Un memorialista es el que gobierna un memorial, que viene a ser dónde se apunta algo. La memoria es fuente de dolor, decía un premio nobel. Pero también de alegrías —dice este humilde cronista de la nada—. Uno apunta donde puede. Y si no puede, lo guarda en el recuerdo.
—Alejandro, apúntame estas cañas, que no tengo dinero.
—Aquí no se apunta nada.
—Bueno, pues lo llevas de cabeza.
Treintaicinco años después recibimos una invitación para asistir a una cena de compañeros de clase. Los que acabamos octavo en 1978. La recibo por Facebook. Inopinadamente las redes sociales sirven para algo más que para chafardear —que es un eufemismo de bacinear—. Hagamos memoria. Eran tiempos felices, sobre todo porque éramos jóvenes. Niños más bien, pero no lo sabíamos. Éramos los dueños del patio. Gastábamos camisas caquis y, quien podía, gafas de sol de piloto, con los cristales verdes y la montura dorada. Jugábamos al balonmano y el mundo nos esperaba entero para nosotros. Estábamos en lo más alto: éramos los de octavo.
Abrevo mi sequía esta tarde haciendo uso de la memoria de los demás. Vivimos en una tierra en la que los Pascuales Duartes acechan detrás de cada esquina. Uno, oyendo la conversación recuerda la España Imperial de Ramón Ayerra.
Un señor mellizo quería matar a su melgo.
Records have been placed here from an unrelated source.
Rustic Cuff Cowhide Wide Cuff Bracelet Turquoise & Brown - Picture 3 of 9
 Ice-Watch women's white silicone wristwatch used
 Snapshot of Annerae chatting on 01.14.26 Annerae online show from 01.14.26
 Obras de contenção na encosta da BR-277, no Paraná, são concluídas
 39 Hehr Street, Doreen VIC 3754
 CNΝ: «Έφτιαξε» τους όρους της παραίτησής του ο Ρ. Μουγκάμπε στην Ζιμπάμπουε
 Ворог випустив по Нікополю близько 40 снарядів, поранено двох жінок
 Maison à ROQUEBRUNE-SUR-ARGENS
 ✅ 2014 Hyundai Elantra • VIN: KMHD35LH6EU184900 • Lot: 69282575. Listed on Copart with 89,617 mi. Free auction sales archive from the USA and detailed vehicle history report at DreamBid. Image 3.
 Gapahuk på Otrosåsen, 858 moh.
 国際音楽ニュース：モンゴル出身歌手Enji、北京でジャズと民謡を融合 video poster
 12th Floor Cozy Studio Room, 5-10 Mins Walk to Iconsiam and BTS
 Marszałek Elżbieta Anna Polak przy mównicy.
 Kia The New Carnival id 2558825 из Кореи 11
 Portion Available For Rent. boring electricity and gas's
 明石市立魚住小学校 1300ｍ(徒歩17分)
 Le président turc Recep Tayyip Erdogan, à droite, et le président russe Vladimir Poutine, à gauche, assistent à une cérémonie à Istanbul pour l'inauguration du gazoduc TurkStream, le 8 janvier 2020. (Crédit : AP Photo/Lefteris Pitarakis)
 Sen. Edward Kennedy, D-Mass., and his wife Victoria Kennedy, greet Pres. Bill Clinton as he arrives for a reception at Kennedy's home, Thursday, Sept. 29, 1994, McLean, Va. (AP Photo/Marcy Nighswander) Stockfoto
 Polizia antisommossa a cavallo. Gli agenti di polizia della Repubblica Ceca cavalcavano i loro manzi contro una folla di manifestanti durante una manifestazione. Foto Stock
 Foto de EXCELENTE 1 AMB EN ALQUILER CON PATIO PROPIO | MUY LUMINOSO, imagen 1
Tenían un negocio a medias y se conoce que no se ponían de acuerdo, o no les cuadraban las cuentas. Ya se sabe: los tanteos para el caliche. Entre los dos hermanos no llegaban a la talla media nacional de aquellos años, ni mucho menos. Viéndolos uno pensaba que alguien había sacado de paseo a los monigotes de un futbolín, o que lo hubieran desarmado para arreglarlo.
Estos medios tenían la casa y el negocio a dos calles de Juan, un solterón que perdió la chola de joven y que vivía con una hermana moza vieja e impedida. Tenía, la hermana de Juan, una pierna ortopédica de un color más rosado que el muñón. La de verdad se la dejó en las vías de la línea Cinco Casas-Tomelloso, al tirarse al Ómnibus Tipo 70 que cubría el recorrido porque la dejó el novio. Juan le tenía más miedo a las tormentas que a un dolor de muelas a medianoche. Pero cuando empezaba a tronar les hacía cara, se salía al patio y les gritaba, amenazante y sin camisa.
—¡La nube, la nube, la nube! Si tiene narices la nube, ¡qué venga! La espero con la navaja abierta.
Este Juan se juntó con una viuda cincuentona que no tenía nada que perder. Le daban al coñac a todas horas. No comían ni nada. Iban a la tienda y solo compraban de beber, fiado. La paga del parvo y la de la coja servían para liquidar la cuenta del comercio. Se breaban de lo lindo y a la pobre impedida se la llevaron a un asilo. Taló la higuera del patio y un viejo verde que estuviera liado con la viuda antes que Juan, se conoce que por celos, iba a tirarles botes de pintura, abiertos, desde el coche a la fachada cuando pasaba. La fachada parecía un cuadro de Pollock.
Como decía, el melgo hizo mala sangre y quiso matar a su hermano. Con un hacha más alta que él (cosa nada difícil) en lugar de ir a por el medio (nunca mejor dicho), se fue a casa de la vecina.
—Purita, vente conmigo, que voy a matar a mi hermano de un hachazo y quiero que seas testigo.
A la vecina le dio un vahído y el proyecto de asesino tuvo que llamar a urgencias: por ahí se libró la víctima.